This suit was instituted by appellant against appellees C. C. Hawthorne and W. A. Hawthorne, and the First National Bank of Bowie as a stakeholder, to recover upon a certain contract for the sale of land entered into between the appellant and the appellees, C. C. and W. A. Hawthorne. The contract was dated on the 29th day of July, 1907, and it was therein agreed that appellant, who was the owner of the land therein described, would sell to the appellees Hawthorne about four hundred and eighty-four and one-half acres of land, for which the Hawthornes agreed to pay twenty dollars per acre, one-fourth to be paid in cash "when good deed or deeds are executed by the proper party, and the title is shown to be good in said party to same;" and for the balance the Hawthornes were to execute five notes of equal amount, payable annually on the first day of January, 1909, and following years until all were paid. The contract also provided that "in the event there is now any debts against said land, or any debts against said land at the time of the completion of this contract, then the said parties of the second part (the Hawthornes) shall assume the same, but they will not be compelled to pay said consideration sooner than above agreed upon, nor any more than the said twenty dollars per acre." It was further agreed that appellant on his part and the Hawthornes on their part should "put up a forfeiture of five hundred dollars, . . . to be paid over" to appellant or to the Hawthornes, as the case might be, "in event" there was a failure to comply with the contract on one side and compliance therewith on the other. The particular wording of the contract relating to the Hawthornes was that said amount of five hundred dollars was to be forfeited to appellant "in the event the said parties of the second part failed to comply with said contract after party of the first part (McMillan) has furnished abstract of title to said land and made good and sufficient deed or deeds to same."
Appellant alleged that the deposits had been made as provided in the contract, that he had complied with his part thereof, and that the appellees Hawthorne had breached the contract on their part. The Hawthornes answered, among other things, to the effect that appellant had failed to comply with his part of the contract in offering a good title, and they in turn pleaded over against him for the recovery of the five hundred dollars which had been deposited by appellant pursuant to the terms of the agreement, and the trial resulted in a judgment in their favor.
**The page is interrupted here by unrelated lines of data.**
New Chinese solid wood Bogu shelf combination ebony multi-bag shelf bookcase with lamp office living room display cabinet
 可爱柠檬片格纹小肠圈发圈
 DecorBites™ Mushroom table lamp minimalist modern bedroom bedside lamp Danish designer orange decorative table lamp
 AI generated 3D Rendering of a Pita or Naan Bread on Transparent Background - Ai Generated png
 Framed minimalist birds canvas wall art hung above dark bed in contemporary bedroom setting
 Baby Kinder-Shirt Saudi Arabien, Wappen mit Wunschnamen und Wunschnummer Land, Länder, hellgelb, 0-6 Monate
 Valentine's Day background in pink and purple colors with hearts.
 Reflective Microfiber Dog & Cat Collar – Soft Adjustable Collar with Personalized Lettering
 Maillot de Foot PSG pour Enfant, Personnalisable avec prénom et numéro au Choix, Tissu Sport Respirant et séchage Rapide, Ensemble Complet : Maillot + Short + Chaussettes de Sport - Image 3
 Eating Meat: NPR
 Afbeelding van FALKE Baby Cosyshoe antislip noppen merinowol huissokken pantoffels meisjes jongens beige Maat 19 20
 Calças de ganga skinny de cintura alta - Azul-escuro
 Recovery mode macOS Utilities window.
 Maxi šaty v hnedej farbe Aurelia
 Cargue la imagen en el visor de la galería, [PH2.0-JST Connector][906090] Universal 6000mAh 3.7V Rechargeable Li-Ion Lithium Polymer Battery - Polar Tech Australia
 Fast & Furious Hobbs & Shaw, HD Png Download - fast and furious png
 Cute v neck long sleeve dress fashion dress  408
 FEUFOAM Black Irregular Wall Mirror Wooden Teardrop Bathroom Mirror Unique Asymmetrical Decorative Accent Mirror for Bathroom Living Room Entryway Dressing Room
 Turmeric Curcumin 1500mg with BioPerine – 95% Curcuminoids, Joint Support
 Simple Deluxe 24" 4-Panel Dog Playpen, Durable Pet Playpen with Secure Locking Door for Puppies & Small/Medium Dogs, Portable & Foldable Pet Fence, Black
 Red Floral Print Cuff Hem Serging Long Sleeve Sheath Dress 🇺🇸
We will not undertake to dispose of the assignments in their order, but think it sufficient to say in a general way that the court in his rulings on exceptions to pleadings, on the introduction of evidence, and in his charges, proceeded upon the theory that the contract constituted the sums deposited with the bank liquidated damages in event of a breach of the contract. In this we think there was error. It was not so expressly provided in the contract, and appellant sought to show by an answer stricken out on exception that such was not the intention of the parties. While it is generally the duty of the court to construe the legal effect of an instrument, the term "forfeiture" does not *Page 47 necessarily exclude a purpose to make the sum named a penalty merely to which the parties may resort for the recovery of the actual damages resulting to the injured party by the breach of the contract. See Eakin v. Scott, 70 Tex. 442; Wright v. Dobie, 3 Texas Civ. App. 194[3 Tex. Civ. App. 194]; Farrar v. Beeman, 63 Tex. 176. The court, therefore, should not have assumed, as he did, that the measure of recovery in favor of the respective parties was as a matter of law the stated amount of the forfeit named in the contract for his protection. It should at least have been left for the jury to determine under appropriate instructions whether the named forfeit was intended by the parties to the contract as liquidated damages or as only a penalty, and in the latter event to find in favor of the successful party his actual damage, if any had been properly pleaded and proven.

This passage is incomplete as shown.